Henrique Oliveira from Ethablog analyses the opacity of a biofuels production deal between a large multinational and the state governor of Matto Grosso in Brazil. Both actors share common interests. But the deal also shows the fine line between where healthy common interests end and outright conflicts of interest begin.

To us, biofuels and bioenergy are much more than just fuels. They are a symbol of a new economic, social and even cultural paradigm. One of the elements that define the new era is radical political transparency - unlike the secrecy surrounding the old politics of petroleum. We feel that biofuels advocates should do more than merely hint at the benefits of renewable energy and sustainability. They should actively engage themselves in creating new political parameters so that access to energy, resource control and social justice become part of the bioenergy paradigm. Social sustainability and even 'political sustainability' are just as important as environmental durability.

Henrique Oliveira notes: On July 27th, Archer Daniels Midland (ADM) deemed it necessary or convenient to put out a press release announcing that it had chosen the state of Mato Grosso as the site for its first biodiesel plant in Brazil. As motives, it proffered the fact that the new plant, to be installed in the town of Rondonopolis, is "strategically located adjacent to ADM’s existing soybean crushing plant in Rondonopolis to maximize synergies between ADM’s Brazilian origination, transportation and processing capabilities".

It also communicated the strong political support that the project has received from the state government, giving the Governor's own words as proof: “The Government of the State of Mato Grosso recognizes the importance of renewable fuels, and we are pleased that ADM, a world leader in bio-based fuels, has chosen our state to build its first Brazilian biodiesel plant,” stated Blairo Maggi, Governor of Mato Grosso.

Based on his keen knowledge of local politics, Oliveira then asks some critical questions:
What the press release failed to acknowledge is that Mr. Maggi is the largest grower of soybeans in the entire world, according to Reuters. ADM's communique also omitted the fact that Mr. Maggi is the president of Amaggi, a family-owned industrial complex that ranks as Brazil's 27th-largest exporter and has plants in a number of locations around the immense state of Mato Grosso - including in Rondonopolis.

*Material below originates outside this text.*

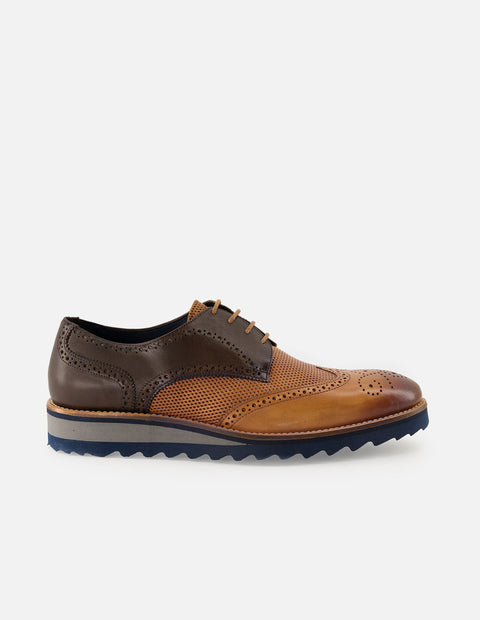 Blucher en piel napa color cuero con sombreado y picado María para hombre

Why are these two vital facts absent from ADM's press release?

What kind of negotiations went on between ADM and the state government in the development of the biodiesel plant in Rondonopolis, Mato Grosso state? What are the "synergies" that led to the choice of that particular state? Why were these not mentioned in ADM's July press release? Does ADM deal with Amaggi, the governor's company? If so, do public and private interests ever intersect?
We agree with his conclusion: the production of feedstocks for biofuels, whether sugarcane or soy, in Brazil or elsewhere, will never achieve critical mass while the relationship between those who produce it and those who control the land on which it is produced is less than crystal clear.